- Outfielder
- Born: October 11, 1985 (age 40)
- Batted: LeftThrew: Left

KBO debut
- March 29, 2008, for the Samsung Lions

Last KBO appearance
- 2018, for the Kia Tigers

KBO statistics
- Batting average: .243
- Home runs: 12
- Runs batted in: 104
- Stats at Baseball Reference

Teams
- Samsung Lions (2008–2011, 2014–2017); Kia Tigers (2018);

= Lee Young-wook =

South Korean baseball player

Lee Young-wook (born October 11, 1985, in Seoul) is an outfielder who is a free agent. He previously played for the Samsung Lions, and Kia Tigers in the Korea Professional Baseball. He bats and throws left-handed.

==Amateur career==
Lee attended Choongang High School in Seoul.
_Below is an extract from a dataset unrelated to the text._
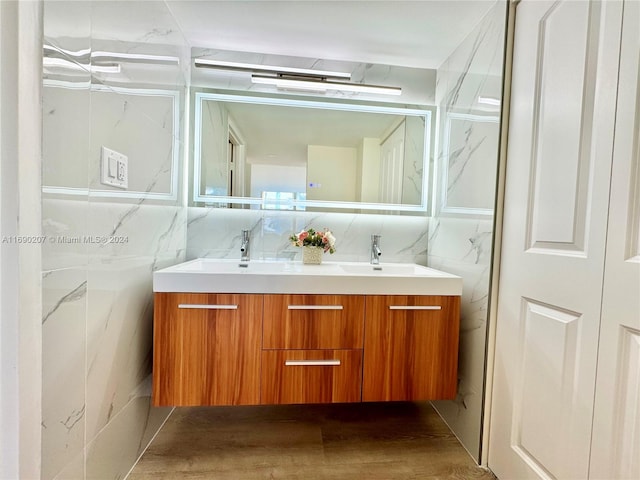 bathroom with tile walls, vanity, and hardwood / wood-style floors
In 2003, his last season playing for them, Lee led his team to runners-up at the Phoenix Flag National Championship, finishing third in batting (.450).

In 2004, Lee entered Dongguk University. In July 2006, as a junior at Dongguk University, Lee got his first call-up to the South Korea national baseball team and competed in the team's three friendly baseball matches against the USA national baseball team in Durham, North Carolina, as a starting center fielder. He hit a single off future Orioles top pitching prospect Jake Arrieta in Game 3 but struggled at the plate during the series, going 1-for-6 with a run.

===Notable international careers===

| Year | Venue | Competition | Team | Individual note |
|---|---|---|---|---|
| 2006 | United States | South Korea vs USA Baseball Championship | 1W-2L | .167 BA (1-for-6), 1 R |

== Professional career==
Lee was selected by the Samsung Lions with the 48th pick of the 2008 KBO Draft. In 2008 Lee only played in 14 games and went 0-for-7, spending most of his rookie season in the Korea Baseball Futures League.

In 2009 Lee was promoted to the first team squad in the Lions to provide backup to Park Han-yi as their other center fielder, and he finished that season with a .249 batting average (48-for-193), 29 runs batted in, 4 home runs and 16 stolen bases in 88 games.

In 2010 Lee stole 30 bases, which ranked him seventh in the KBO league, and his batting average jumped to .272, earning him a promotion to the Lions' everyday center fielder.